------ Records for this task
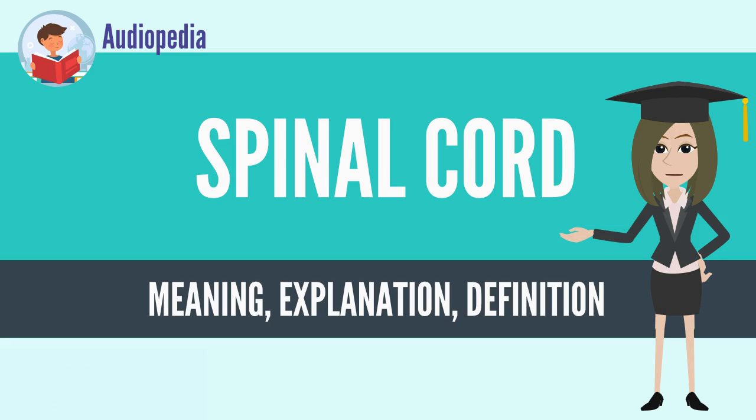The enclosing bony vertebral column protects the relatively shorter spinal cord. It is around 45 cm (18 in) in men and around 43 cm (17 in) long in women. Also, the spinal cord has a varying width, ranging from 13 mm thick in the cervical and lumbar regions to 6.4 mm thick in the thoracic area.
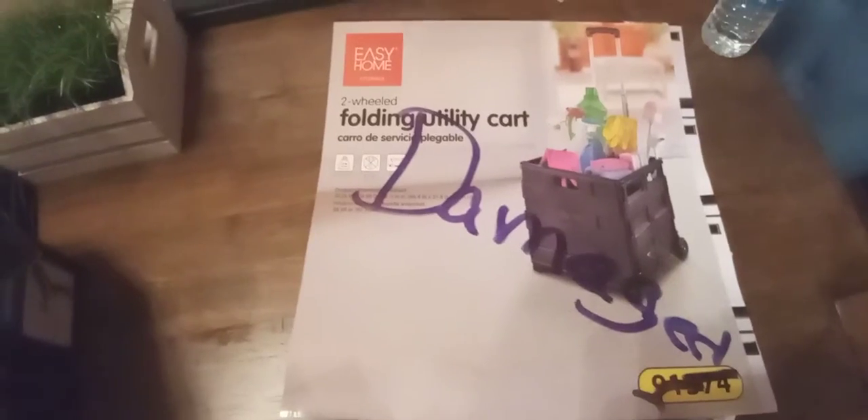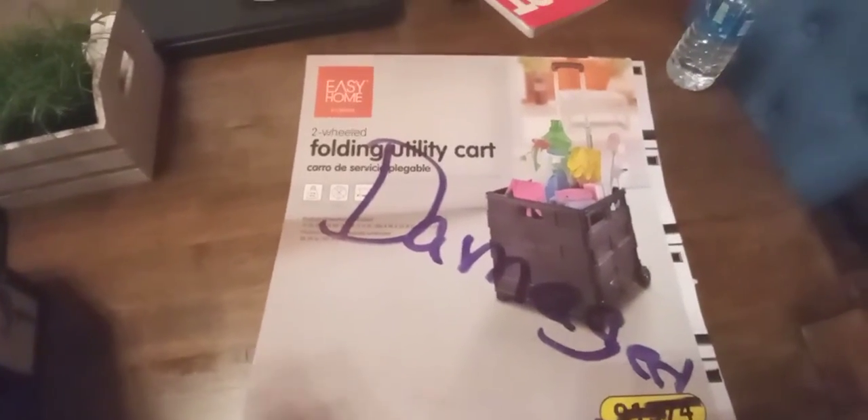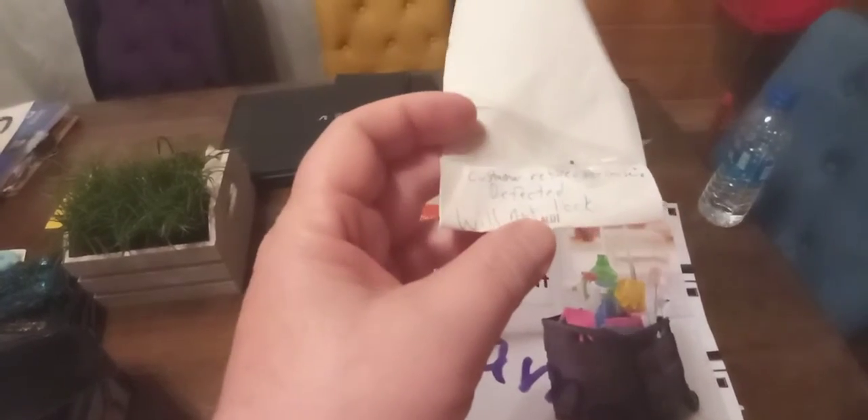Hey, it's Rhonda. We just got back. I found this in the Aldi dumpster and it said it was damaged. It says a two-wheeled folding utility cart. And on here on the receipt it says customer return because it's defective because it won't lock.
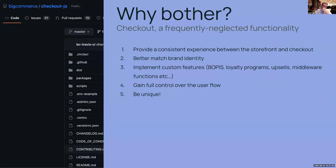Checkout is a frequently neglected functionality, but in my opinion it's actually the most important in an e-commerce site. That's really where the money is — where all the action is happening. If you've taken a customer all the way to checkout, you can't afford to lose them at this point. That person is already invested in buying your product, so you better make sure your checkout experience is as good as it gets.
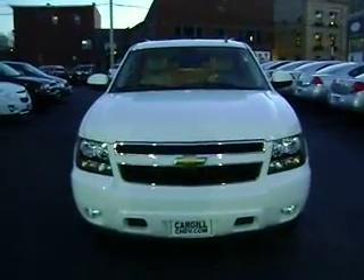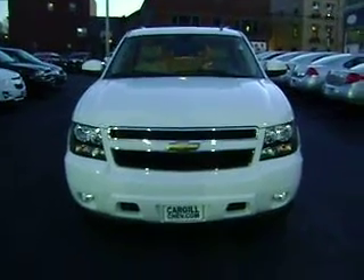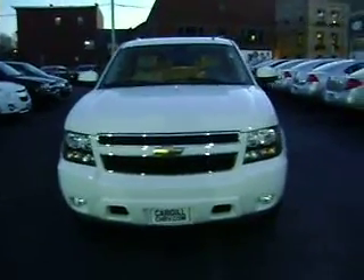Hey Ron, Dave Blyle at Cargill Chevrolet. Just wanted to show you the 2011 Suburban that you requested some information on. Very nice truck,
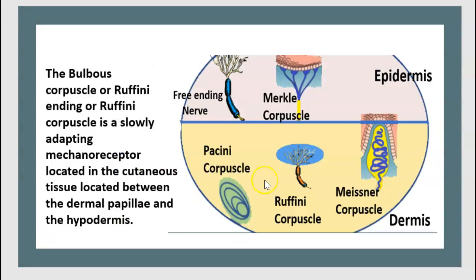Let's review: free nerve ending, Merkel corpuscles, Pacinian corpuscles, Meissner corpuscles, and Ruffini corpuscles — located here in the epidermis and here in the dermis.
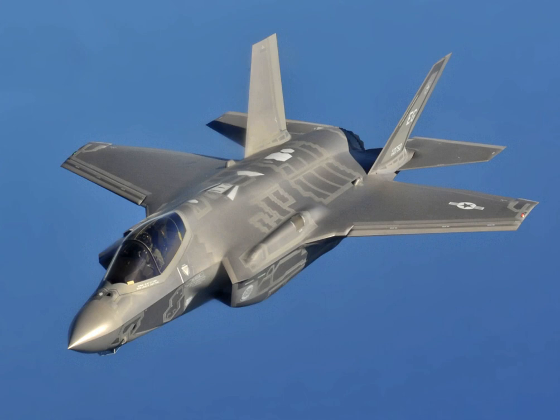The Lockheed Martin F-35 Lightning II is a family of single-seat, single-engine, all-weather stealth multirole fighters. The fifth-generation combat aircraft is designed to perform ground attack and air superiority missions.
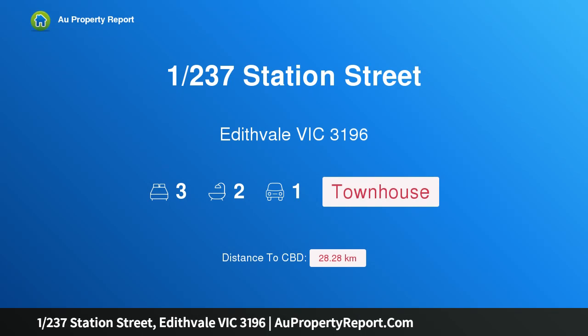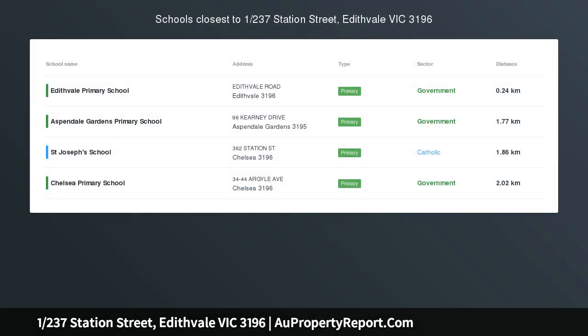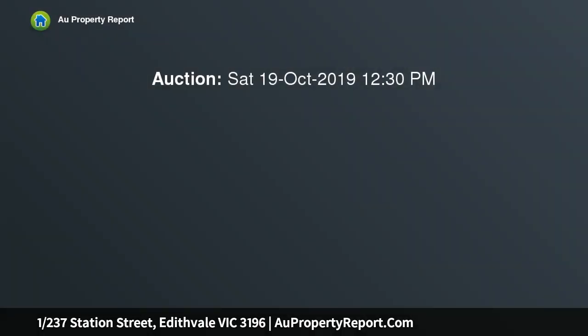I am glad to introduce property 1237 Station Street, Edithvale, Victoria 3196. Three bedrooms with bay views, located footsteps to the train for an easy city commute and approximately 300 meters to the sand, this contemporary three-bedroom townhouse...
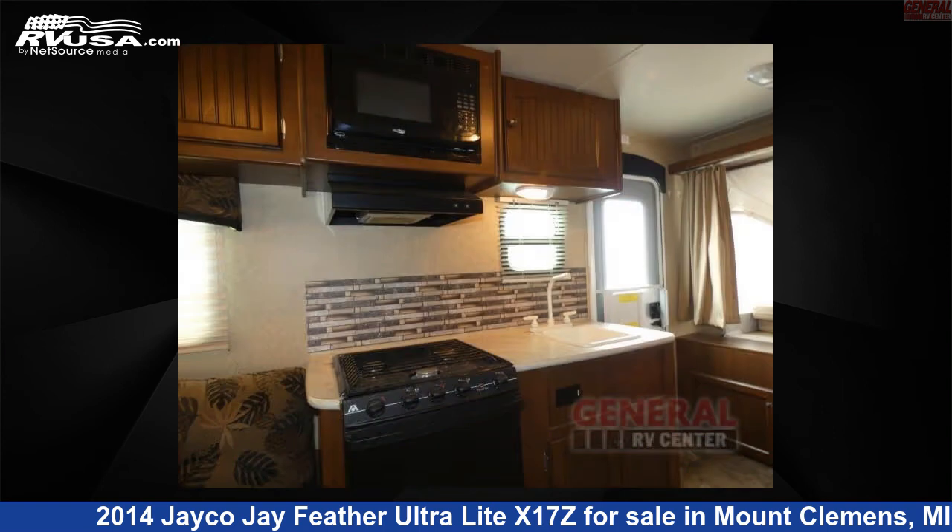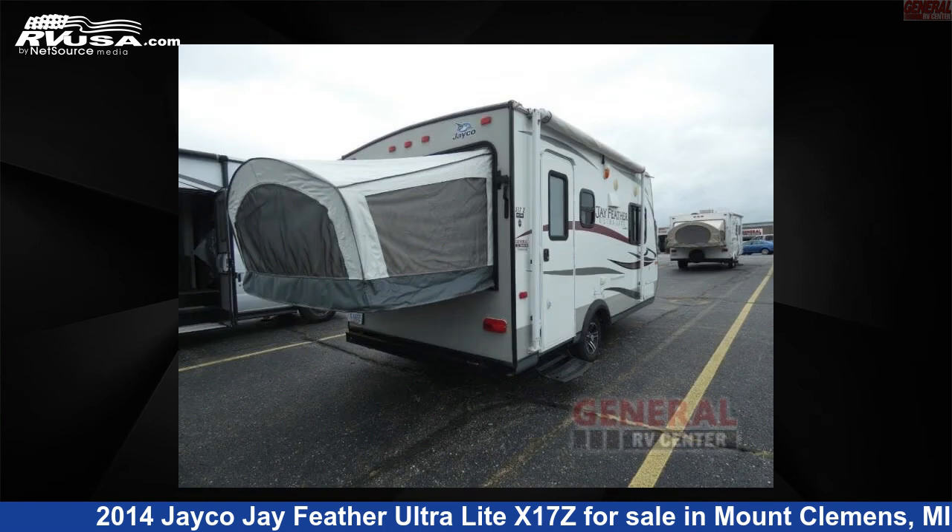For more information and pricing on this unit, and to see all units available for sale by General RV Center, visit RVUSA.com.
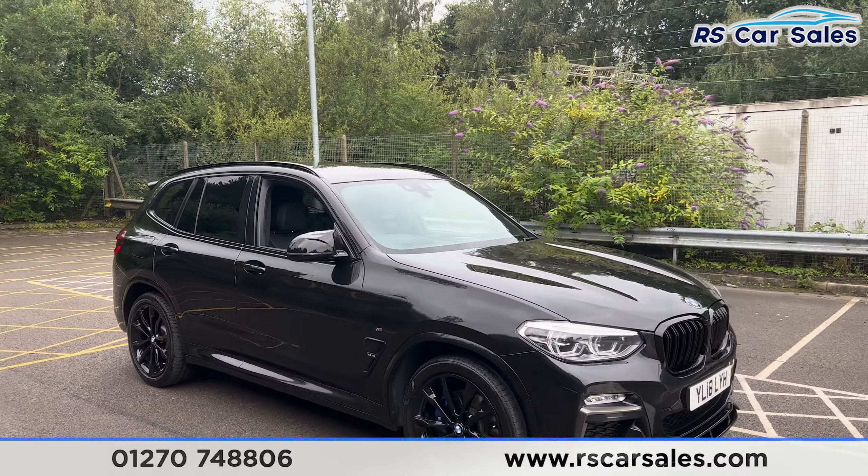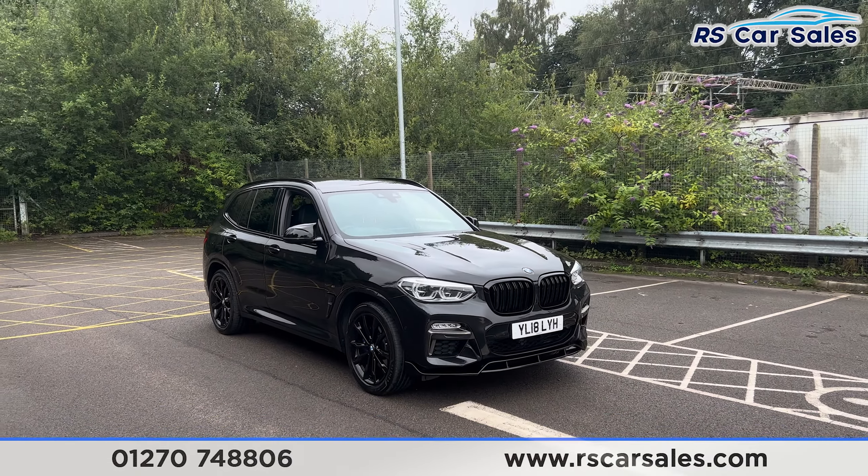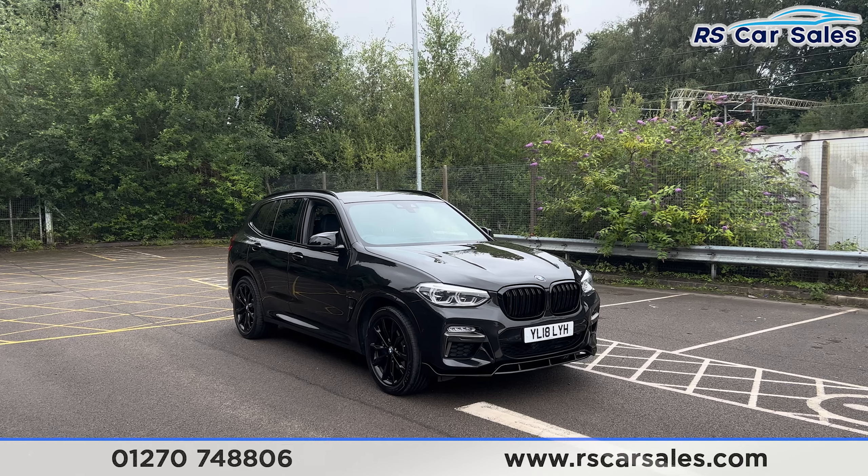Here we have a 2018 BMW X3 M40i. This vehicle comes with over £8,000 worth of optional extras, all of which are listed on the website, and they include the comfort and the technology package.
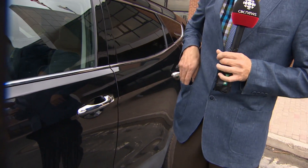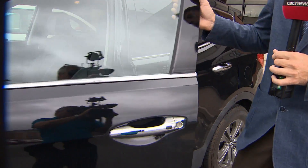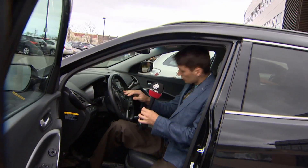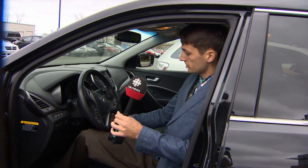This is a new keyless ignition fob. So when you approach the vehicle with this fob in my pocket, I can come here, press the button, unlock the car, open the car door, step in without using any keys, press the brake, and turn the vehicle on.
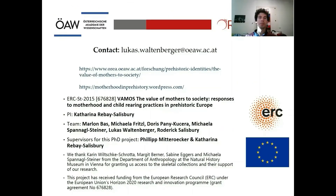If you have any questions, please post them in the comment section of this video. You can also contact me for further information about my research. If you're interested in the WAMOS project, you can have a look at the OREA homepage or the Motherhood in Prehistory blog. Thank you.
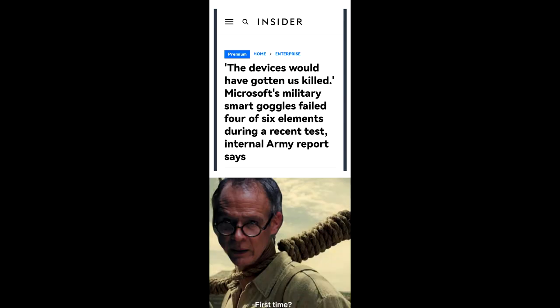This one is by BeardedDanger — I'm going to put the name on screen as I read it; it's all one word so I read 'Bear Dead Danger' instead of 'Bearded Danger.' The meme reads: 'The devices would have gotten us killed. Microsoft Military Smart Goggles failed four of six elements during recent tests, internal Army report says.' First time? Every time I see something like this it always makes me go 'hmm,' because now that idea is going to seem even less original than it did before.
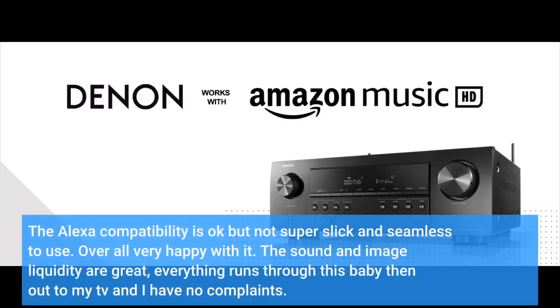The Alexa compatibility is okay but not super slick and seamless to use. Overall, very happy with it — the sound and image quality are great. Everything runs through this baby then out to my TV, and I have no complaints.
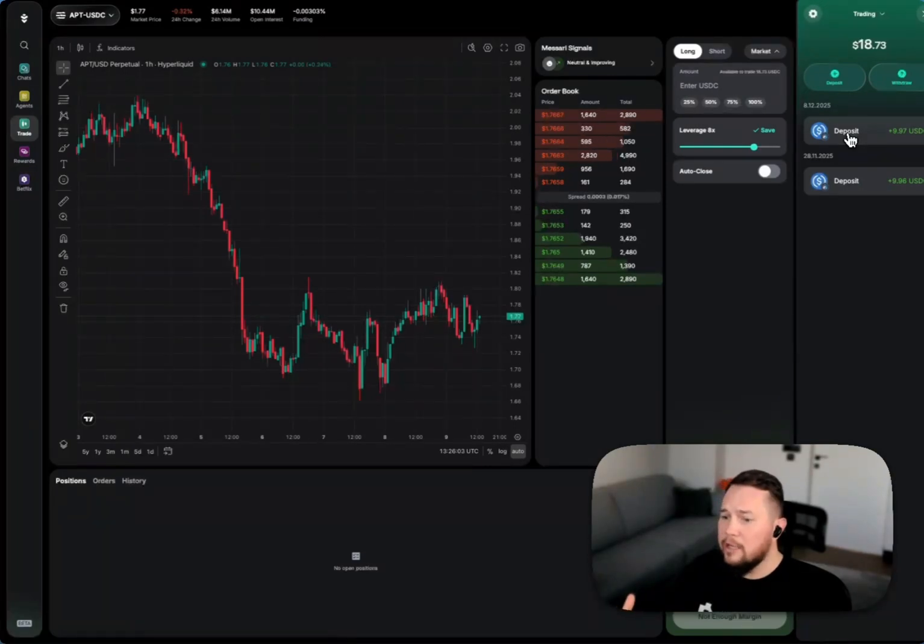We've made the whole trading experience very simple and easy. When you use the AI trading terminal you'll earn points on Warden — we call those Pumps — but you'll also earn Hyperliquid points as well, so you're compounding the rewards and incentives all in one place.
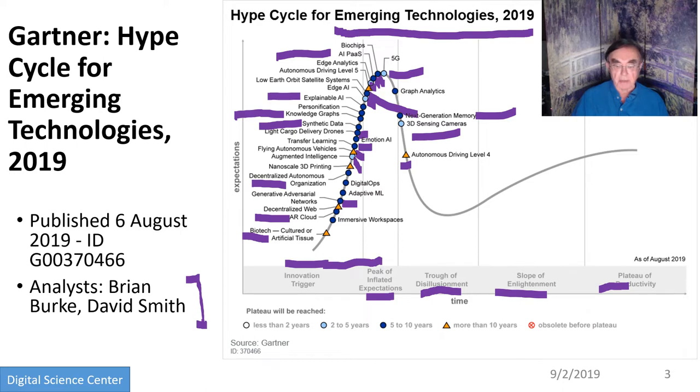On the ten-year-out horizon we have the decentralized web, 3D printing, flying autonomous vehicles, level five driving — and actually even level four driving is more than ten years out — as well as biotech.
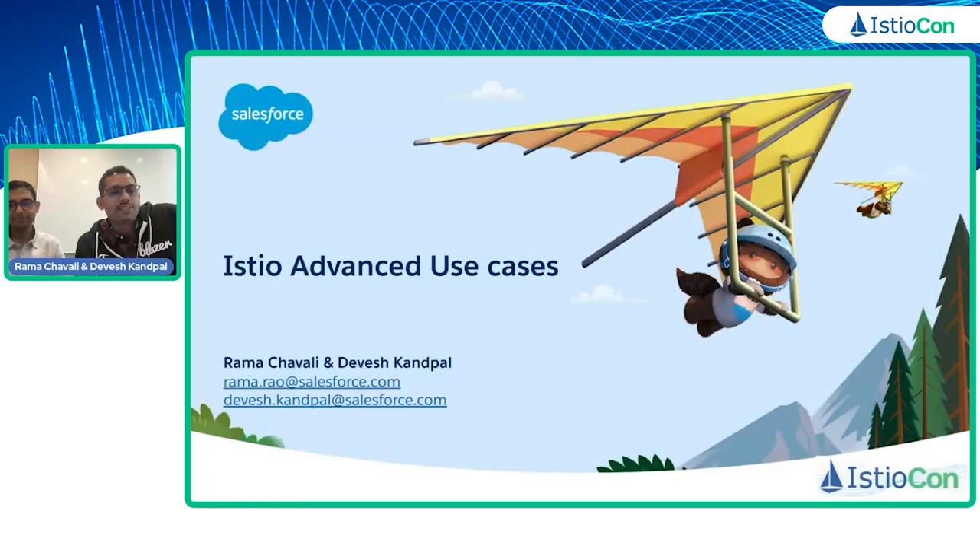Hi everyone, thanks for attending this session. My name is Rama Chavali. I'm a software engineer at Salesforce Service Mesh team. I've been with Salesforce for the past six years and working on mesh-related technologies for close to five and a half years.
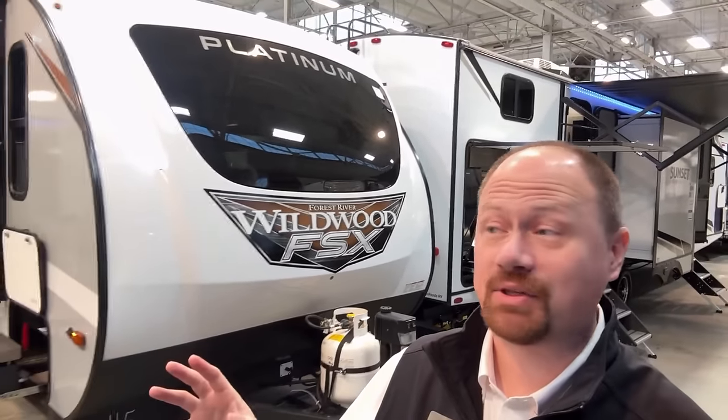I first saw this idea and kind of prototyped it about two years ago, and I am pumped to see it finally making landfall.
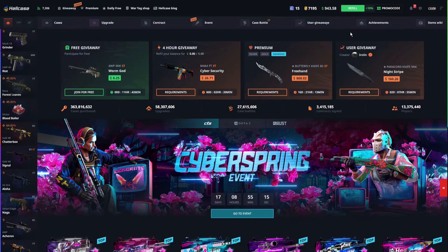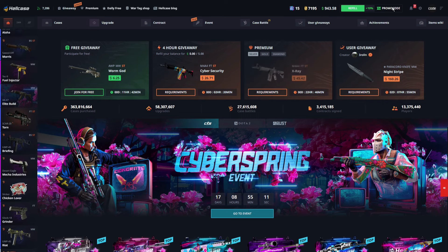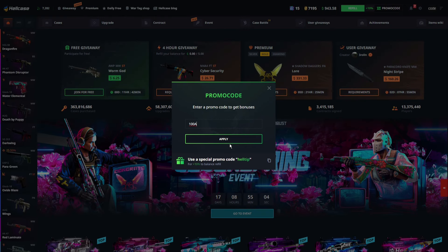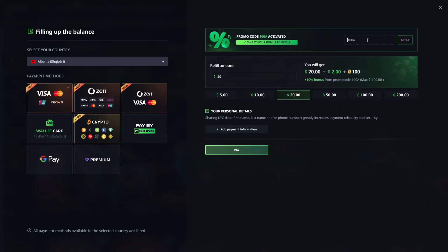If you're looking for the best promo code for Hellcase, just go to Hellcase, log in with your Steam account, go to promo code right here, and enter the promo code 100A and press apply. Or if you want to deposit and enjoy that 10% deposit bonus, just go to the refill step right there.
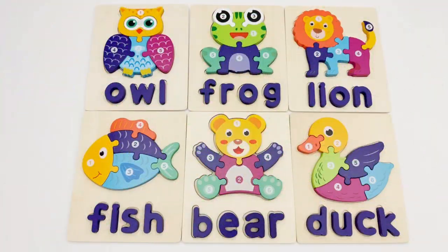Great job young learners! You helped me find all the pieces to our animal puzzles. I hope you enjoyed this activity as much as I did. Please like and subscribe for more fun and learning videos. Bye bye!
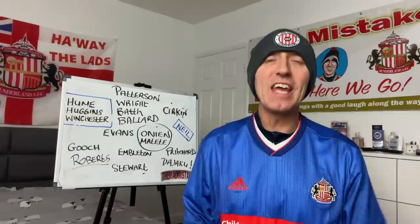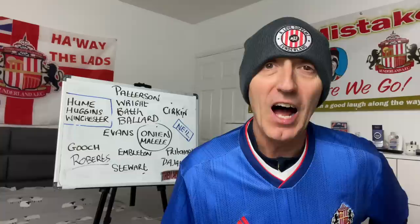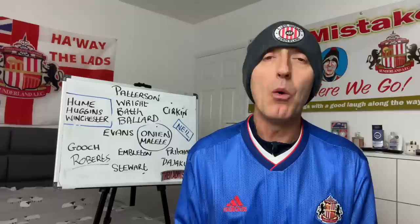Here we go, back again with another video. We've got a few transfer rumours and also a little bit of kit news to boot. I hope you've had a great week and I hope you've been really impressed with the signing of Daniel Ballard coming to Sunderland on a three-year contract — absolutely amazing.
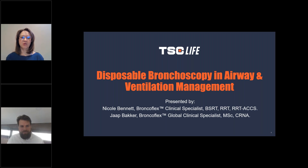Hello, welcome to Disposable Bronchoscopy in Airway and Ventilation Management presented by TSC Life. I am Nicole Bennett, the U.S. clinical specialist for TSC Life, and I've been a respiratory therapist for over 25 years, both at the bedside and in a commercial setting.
------------
Word for word, output the lines from the beginning of the listing through the line holding "Hey, it's Rhonda." and nothing beyond them. Omit the pictures.

### [Exercise solution]
The enclosing bony vertebral column protects the relatively shorter spinal cord. It is around 45 cm (18 in) in men and around 43 cm (17 in) long in women. Also, the spinal cord has a varying width, ranging from 13 mm thick in the cervical and lumbar regions to 6.4 mm thick in the thoracic area.
Hey, it's Rhonda. We just got back. I found this in the Aldi dumpster and it said it was damaged. It says a two-wheeled folding utility cart. And on here on the receipt it says customer return because it's defective because it won't lock.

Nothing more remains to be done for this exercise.